It’s a familiar sensation to anyone who’s ever helmed a boat: You’re maneuvering toward the dock when you realize that the tide is taking you one way and the wind another, and you’re not entirely sure whether you’re going to sidle up smoothly or do an impromptu reenactment of the final scenes from Speed 2: Cruise Control. (Spoiler alert: you could say that a cruise ship makes a less-than-smooth approach to the dock, in that it ends up about a half-mile inland.) Inevitably, there are at least 100 people standing around watching.

Ray marine Dock Sense auto Docking
Ray marine Dock Sense auto Docking

If you’re like me, you might suddenly remember there was something you needed to do out in the ocean, then jam it into reverse and motor away. Sorry everyone! We’ll get fuel some other place. Or run out, maybe. Either way, it’ll be better than suffering the indignity of an ugly docking.

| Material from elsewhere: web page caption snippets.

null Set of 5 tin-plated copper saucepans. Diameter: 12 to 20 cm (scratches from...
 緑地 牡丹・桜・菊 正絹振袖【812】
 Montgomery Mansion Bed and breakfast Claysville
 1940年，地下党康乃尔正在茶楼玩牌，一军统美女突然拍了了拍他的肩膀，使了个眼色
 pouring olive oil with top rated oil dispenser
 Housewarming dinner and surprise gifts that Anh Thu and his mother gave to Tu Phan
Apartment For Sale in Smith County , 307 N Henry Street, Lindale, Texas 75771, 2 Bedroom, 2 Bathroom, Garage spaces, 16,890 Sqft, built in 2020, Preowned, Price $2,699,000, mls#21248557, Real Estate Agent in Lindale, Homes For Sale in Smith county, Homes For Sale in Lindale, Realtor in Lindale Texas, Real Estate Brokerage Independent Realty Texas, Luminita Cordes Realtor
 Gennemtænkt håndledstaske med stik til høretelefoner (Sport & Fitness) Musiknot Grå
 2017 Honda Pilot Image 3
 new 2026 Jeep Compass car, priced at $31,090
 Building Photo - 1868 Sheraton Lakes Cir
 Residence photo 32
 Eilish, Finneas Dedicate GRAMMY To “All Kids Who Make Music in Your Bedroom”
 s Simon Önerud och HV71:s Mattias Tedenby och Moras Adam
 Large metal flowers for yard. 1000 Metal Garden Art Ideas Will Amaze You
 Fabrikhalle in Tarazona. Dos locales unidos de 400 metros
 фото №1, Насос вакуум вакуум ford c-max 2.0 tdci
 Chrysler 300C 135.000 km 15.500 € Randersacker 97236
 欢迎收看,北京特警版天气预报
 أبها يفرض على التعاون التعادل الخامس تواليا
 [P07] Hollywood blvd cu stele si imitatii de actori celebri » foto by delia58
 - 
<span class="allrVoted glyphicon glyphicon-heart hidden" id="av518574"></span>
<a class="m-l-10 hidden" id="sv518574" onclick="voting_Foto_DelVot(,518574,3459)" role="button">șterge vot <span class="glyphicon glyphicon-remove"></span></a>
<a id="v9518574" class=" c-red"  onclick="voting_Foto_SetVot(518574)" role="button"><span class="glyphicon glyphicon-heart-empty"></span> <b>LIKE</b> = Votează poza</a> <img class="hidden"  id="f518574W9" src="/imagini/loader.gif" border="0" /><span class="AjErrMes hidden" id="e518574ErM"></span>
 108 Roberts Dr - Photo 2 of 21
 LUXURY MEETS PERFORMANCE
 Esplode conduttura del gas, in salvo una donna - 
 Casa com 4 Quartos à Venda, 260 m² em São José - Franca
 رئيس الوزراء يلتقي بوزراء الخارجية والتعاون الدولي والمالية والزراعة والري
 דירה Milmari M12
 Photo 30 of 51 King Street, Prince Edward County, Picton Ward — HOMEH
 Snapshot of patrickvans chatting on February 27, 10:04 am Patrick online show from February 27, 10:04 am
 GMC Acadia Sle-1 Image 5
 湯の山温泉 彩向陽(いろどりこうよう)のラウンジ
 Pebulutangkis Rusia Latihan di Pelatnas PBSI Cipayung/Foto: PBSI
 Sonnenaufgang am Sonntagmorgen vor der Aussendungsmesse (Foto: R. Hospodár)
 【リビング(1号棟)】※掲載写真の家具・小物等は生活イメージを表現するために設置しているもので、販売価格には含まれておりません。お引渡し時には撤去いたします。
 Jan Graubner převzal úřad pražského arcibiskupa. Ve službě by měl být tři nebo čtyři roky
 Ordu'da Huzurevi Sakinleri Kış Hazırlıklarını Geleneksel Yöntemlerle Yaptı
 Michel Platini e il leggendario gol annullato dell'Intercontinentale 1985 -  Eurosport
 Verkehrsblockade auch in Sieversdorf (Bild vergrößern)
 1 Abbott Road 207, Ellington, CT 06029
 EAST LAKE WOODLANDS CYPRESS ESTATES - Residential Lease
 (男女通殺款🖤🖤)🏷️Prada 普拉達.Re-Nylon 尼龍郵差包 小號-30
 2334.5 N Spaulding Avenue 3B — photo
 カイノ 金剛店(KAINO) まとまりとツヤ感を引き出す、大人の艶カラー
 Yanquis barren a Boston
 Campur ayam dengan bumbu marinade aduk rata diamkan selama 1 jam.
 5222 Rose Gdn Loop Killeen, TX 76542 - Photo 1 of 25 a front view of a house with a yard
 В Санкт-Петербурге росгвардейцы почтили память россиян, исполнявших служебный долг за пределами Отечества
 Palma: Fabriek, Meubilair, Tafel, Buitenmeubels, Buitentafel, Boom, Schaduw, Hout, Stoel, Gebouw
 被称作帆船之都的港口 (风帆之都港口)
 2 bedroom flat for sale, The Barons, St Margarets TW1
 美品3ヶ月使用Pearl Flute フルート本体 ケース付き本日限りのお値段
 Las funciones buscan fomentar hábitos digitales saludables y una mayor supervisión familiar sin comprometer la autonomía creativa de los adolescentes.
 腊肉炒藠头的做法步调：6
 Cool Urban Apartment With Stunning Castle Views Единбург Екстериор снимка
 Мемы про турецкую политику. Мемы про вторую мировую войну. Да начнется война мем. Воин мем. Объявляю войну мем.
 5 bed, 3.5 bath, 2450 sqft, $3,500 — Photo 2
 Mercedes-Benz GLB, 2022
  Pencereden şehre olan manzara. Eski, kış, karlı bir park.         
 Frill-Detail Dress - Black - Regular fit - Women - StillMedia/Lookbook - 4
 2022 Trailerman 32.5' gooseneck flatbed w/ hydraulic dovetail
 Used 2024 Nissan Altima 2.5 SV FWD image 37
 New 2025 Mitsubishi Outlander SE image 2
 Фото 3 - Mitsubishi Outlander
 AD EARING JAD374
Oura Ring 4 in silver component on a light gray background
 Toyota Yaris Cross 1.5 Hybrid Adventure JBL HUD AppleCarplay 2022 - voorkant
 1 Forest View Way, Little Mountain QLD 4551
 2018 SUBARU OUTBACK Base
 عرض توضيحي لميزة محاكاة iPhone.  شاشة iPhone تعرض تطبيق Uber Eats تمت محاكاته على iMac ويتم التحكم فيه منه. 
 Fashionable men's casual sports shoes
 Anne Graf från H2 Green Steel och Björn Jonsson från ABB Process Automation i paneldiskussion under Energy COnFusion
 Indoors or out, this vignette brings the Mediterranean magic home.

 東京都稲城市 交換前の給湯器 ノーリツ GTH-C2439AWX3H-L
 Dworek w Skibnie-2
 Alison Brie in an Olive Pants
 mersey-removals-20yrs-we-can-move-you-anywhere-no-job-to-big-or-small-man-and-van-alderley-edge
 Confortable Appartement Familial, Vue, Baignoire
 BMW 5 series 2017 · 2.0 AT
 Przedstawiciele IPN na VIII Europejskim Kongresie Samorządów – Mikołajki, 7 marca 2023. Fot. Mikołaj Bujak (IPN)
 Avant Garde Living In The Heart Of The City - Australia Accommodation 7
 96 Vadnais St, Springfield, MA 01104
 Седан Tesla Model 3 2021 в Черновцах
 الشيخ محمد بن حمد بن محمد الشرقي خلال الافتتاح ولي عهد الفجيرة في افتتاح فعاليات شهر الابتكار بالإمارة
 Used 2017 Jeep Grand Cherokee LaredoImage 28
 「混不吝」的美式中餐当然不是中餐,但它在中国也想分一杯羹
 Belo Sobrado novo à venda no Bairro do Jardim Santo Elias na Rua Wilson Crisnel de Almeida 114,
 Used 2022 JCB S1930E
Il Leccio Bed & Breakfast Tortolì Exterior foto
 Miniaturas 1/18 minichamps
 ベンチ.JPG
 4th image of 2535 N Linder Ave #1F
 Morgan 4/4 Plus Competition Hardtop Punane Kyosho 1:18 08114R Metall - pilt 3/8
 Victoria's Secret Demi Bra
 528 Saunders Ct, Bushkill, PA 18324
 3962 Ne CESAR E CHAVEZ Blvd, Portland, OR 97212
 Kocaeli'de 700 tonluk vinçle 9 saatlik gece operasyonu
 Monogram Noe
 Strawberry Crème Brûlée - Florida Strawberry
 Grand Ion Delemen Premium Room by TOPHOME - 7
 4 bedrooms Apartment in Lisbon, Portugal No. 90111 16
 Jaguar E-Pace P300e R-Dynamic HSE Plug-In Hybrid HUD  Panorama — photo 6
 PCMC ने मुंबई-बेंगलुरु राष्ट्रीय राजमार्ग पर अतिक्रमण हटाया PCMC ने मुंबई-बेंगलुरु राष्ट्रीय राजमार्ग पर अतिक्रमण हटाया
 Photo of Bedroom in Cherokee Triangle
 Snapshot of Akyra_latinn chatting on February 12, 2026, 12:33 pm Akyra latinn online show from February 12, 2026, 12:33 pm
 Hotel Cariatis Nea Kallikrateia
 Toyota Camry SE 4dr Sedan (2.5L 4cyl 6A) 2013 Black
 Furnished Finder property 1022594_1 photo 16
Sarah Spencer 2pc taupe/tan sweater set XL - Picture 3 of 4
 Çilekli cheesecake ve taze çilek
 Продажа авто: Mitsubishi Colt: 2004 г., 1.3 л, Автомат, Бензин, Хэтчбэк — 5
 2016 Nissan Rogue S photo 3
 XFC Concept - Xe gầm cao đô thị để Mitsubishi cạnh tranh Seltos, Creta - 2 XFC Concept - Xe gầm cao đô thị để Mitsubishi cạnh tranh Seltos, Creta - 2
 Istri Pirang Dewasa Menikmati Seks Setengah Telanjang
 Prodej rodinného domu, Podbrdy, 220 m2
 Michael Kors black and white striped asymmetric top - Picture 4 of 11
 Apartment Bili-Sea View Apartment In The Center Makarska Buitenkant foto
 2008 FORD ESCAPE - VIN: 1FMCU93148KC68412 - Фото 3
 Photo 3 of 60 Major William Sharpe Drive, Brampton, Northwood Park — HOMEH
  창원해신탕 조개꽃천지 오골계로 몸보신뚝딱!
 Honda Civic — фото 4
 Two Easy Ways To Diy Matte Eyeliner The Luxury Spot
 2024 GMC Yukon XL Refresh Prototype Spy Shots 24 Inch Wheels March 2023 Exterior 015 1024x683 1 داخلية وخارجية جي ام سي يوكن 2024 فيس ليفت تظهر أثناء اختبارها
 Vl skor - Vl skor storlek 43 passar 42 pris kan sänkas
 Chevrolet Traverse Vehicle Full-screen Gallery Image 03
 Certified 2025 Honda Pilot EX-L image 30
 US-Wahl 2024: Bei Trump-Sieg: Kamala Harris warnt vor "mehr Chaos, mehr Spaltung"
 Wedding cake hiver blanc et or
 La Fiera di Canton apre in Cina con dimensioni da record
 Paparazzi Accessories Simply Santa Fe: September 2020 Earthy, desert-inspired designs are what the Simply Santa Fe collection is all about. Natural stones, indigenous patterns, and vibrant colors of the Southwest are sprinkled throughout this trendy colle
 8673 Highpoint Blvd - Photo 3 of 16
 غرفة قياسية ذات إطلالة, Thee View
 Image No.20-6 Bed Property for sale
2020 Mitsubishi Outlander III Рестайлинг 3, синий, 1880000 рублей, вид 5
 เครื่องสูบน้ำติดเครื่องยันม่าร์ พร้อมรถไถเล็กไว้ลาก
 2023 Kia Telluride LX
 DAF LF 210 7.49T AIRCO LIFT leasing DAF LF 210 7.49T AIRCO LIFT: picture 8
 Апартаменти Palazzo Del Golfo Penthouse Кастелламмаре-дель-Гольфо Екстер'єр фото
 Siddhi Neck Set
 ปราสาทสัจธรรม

Raymarine has a solution in the works: DockSense, an automated system that uses stereoscopic cameras to help bring your boat to the dock without embarrassment or massive property damage. I tried out a prototype system on a 33-foot Boston Whaler Outrage at the Miami Boat Show, and it’s awe-inspiring.

Ray marine Dock Sense auto Docking

Self-parking cars have been around for a while—2010-vintage Lincolns can parallel-park themselves just fine—but executing the same move on the water is exponentially trickier. Imagine trying to parallel park with no lines to designate the space while the pavement slides around in random directions, including up and down. That’s docking.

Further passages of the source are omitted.